Keith Richards Snorted His Dad
(image via gothamist)
Holy cats! Even with the poom-poom shorts "Blowcaine" Kate Moss can't hardly compete with the yo-that-shit-is-fucked-up attention getting news that Rolling Stone guitarist Keith Richards snorted his own goddam Father mixed with Booger Sugar with, no doubt, the obligatory rolled up C-note (Exaggerated cough suggesting feigned detachment). There's a thin line -- pun intended; sniffff! -- between being a bad ass and being just ass bad evil. Long have we wondered if he weren't some rogue alien Ambassador from the Crab Nebulae, so impervious to the cyle of earthly Death that concludes years of hedonism. Nothing has prepared us for this, however.

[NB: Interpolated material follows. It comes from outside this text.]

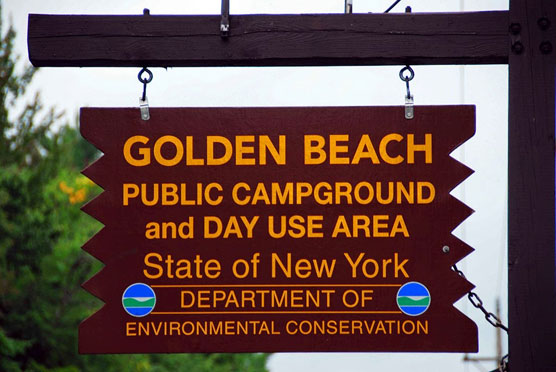 Golden-Beach-Sign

From TMZ:
"There's very little in the physical world that Keith Richards hasn't, by his own admission, ingested either by mouth or by nose -- including, it seems, his father's ashes.
"The Rolling Stones axeman revealed to NME, the British music magazine, that he once snorted the remains of his own dad, Bert, leavened with a bit of cocaine to make it go down easier. 'He was cremated and I couldn't resist grinding him up with a little bit of blow. My dad wouldn't have cared ... It went down pretty well, and I'm still alive,' says Keith."
Ashes to ashes, disco dust to disco dust ...
(Note: Keith's manager is now denying this whole affair after the blogs went gonzo with it. Guess we'll never know the true story.)